A number of upstart competitors in the field, which also includes Fiserv’s Clover and Shift4, are pursuing growth outside the U.S. as they seek to displace incumbents such as NCR Voyix and Oracle in the restaurant industry.

Notably, Toast’s $92 billion in gross payment volume last year topped that of Lightspeed ($87 billion), Shift4 ($72 billion), but was less than half of Clover ($225 billion), according to Bank of America Global Research data from June. However, figures for Shift4, Lightspeed and Clover included their non-restaurant payment volume. 

Toast said in May that it had formally entered the Canadian, Ireland and U.K. restaurant markets. Toast executives have said international expansion is a longer-term opportunity and the company intentionally started with English-speaking countries. 

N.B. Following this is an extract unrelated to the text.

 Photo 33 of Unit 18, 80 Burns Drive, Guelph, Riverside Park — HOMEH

But JP Chauvet, the CEO of Montreal-based Lightspeed, expressed skepticism that his company’s rival will be able to successfully crack the European market. He expects Toast will face a more challenging path abroad than it has in the U.S.

“The U.S. market is probably the simplest because it’s one language, it’s one model across the U.S.,” Chauvet said during an interview. “The moat for Europe is going to be a little bit tougher to crack.”

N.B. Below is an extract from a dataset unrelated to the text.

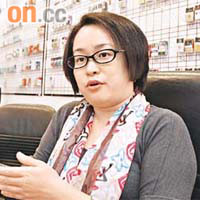 香港煙草業聯會行政秘書章健華表示，現時極需要當局就煙草廣告發出清晰指引，供業界依循。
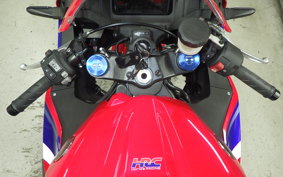 HONDA CBR600RR 2025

Within Canada, he noted, workflows in Quebec are completely different than those in Ontario. In large European countries such as France, Germany, Italy and Spain, platforms need to be fiscally integrated with the government, Chauvet said. 

Lightspeed, which offers point-of-sale software and payments acceptance for retail and restaurant merchants, has a “strong” business outside the U.S., he asserted. For example, the company has 250 employees in Germany to handle sales and support, he said.   

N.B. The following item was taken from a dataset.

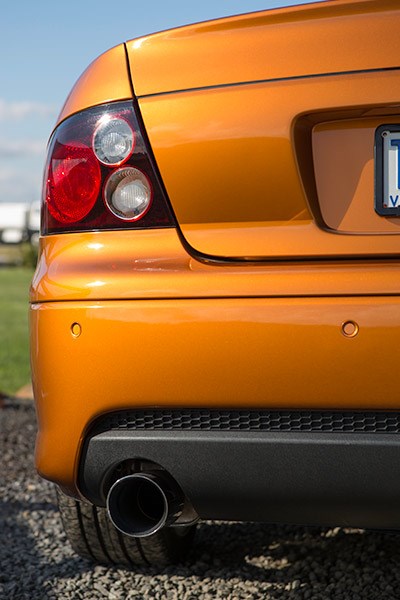 holden monaro cv8 z tail light 3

Historically, as Toast was focused on growing in the U.S., Lightspeed was focused on Europe, Chauvet asserted. To find success outside the U.S., “it’s going to take a lot of work for Toast,” he contended. 

Lightspeed counts about half of its customer base within the U.S. and half outside it, Chauvet said. The company currently has about 170,000 merchant customers worldwide, he said. Globally, about 62% of its customers are retailers, while 38% are restaurants, according to Lightspeed’s most recent annual filing, for the period that ended March 31.

Outside the U.S., Lightspeed pursues the entire restaurant market, Chauvet said. In the competitive U.S. market, however, Lightspeed has narrowed its focus to include fine dining restaurants and those with “complex workflow requirements,” he said. 

Earlier this year, not long after cutting about 10% of employees, the company said it was targeting bigger, more profitable customers. Lightspeed now counts 10% of Michelin-starred restaurants in the U.S. as customers, Chauvet said. “We don’t want to be everything for everyone in the U.S.,” Chauvet said.

For its part, Toast has about 99,000 customer locations in the U.S., according to the company’s most recent earnings report. Small to medium-sized businesses continue to fuel Toast’s growth, although Toast has sought to move upmarket and sign larger customers. Spokespeople for Toast didn’t immediately respond to requests for comment. 

As Lightspeed seeks to further penetrate the U.S. market, Chauvet expects Toast will “try and get the easy international markets, and you’ll probably see their presence a bit more,” he said. “But I think it’s going to be a much tougher market for them, than what they’re seeing in the U.S.”

Lightspeed is also trying to draw more of its point-of-sale customers to its payment processing services, rather than integrating with different payment companies. It’s a more lucrative opportunity, Chauvet said, noting a customer using its payments services offers double the net take rate of a customer who doesn’t. 

Of its annual $100 billion in gross merchandise volume, Lightspeed is currently processing payments for about 25% of that, Chauvet said. The company aims to grow that to between 30% and 35% by the end of its fiscal year in March. And “we’re hoping to end the following year at 45%,” he said.